Yusuf juga kembali mendapatkan uang dari Anggoro pada November 2007.  Uang itu dibagikan kepada sejumlah anggota Komisi IV saat itu, yakni Fachri Andi Laluasa (Sin$30 ribu), Azwar Chesputra (Sin$5 ribu), Hilman Indra (Sin$140 ribu), Muchtaruddin (Sin$40 ribu), dan Sujud Sirajuddin (Rp20 juta).

Selain itu Anggoro juga didakwa memberikan sejumlah uang kepada MS Kaban. Pertama sebesar US$15 ribu. Uang itu diberikan setelah  MS Kaban membalas pesan singkatnya kepada Anggoro. "Merapat ke rumah dinas," kata MS Kaban seperti ditirukan Jaksa.

Lalu MS Kaban meminta uang US$10 ribu yang diberikan Anggoro melalui Direktur PT Masaro David Angkawijaya. Mantan Ketua Umum Partai Bulan Bintang ini juga kembali meminta uang kepada Anggoro sebesar Sin$40 ribu. "Apakah jam 19.00 bisa di drop 40 sin (dolar Singapura-red)?" kata MS Kaban melalui pesan singkatnya. Lalu Uang tersebut diberikan Anggoro kepada M. Yusuf, supir MS Kaban.

Tidak hanya itu, Anggoro juga diminta menyiapkan travel cek senilai Rp50 juta. Dan untuk keperluan partainya, Kaban meminta dua unit lift kapasitas masing-masing 800 kg dengan nilai US$58 ribu, dengan total biaya instalasi Rp200 juta.
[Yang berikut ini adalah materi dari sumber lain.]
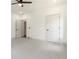 Large bedroom featuring plush gray carpet, and a ceiling fan at 2884 Thompson Cir, Decatur, GA 30034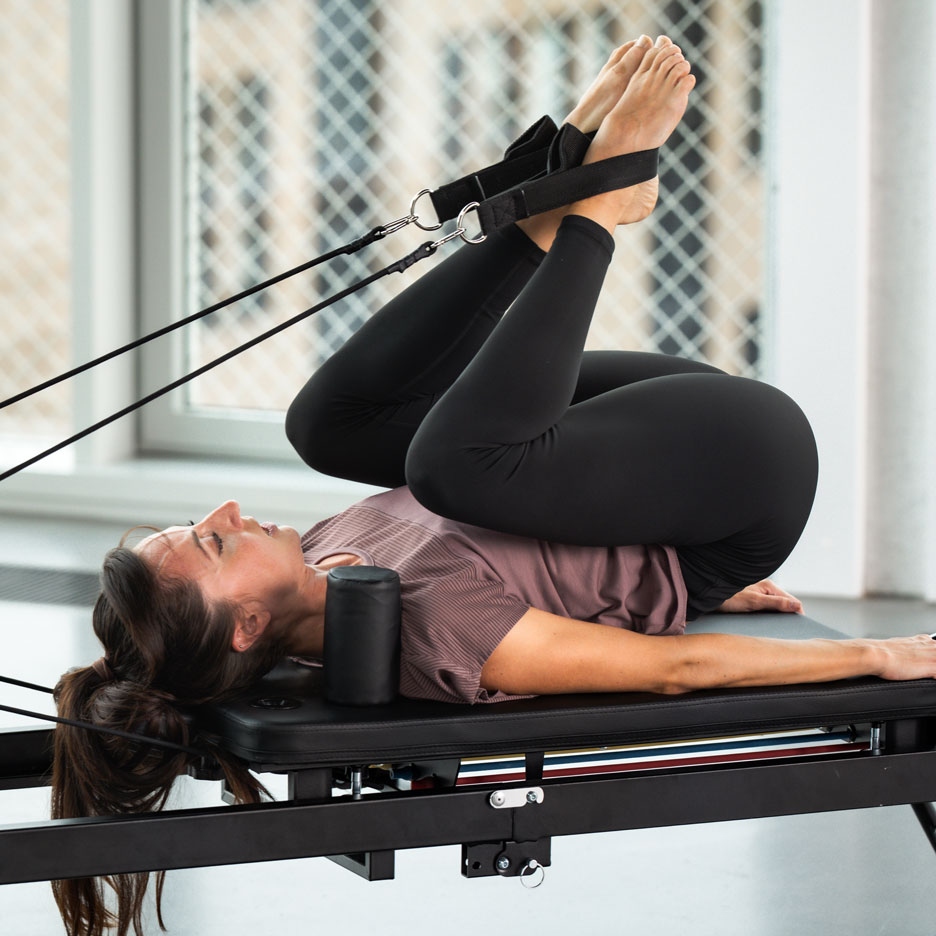 Kobieta ćwicząca Pilates na reformerze z nogami w paskach.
Atas perbuatannya itu Anggoro diancam dengan Pasal 5 Ayat (1) huruf a dan Pasal 13 Undang-Undang nomor 20 tahun 2001 tentang Pemberantasan Tindak Pidana Korupsi. Anggoro juga diancam dengan pasal Pasal 65 Ayat 1 Kitab Undang-Undang Hukum Pidana (KUHP). Anggoro terancam hukuman pidana penjara selama 5 tahun.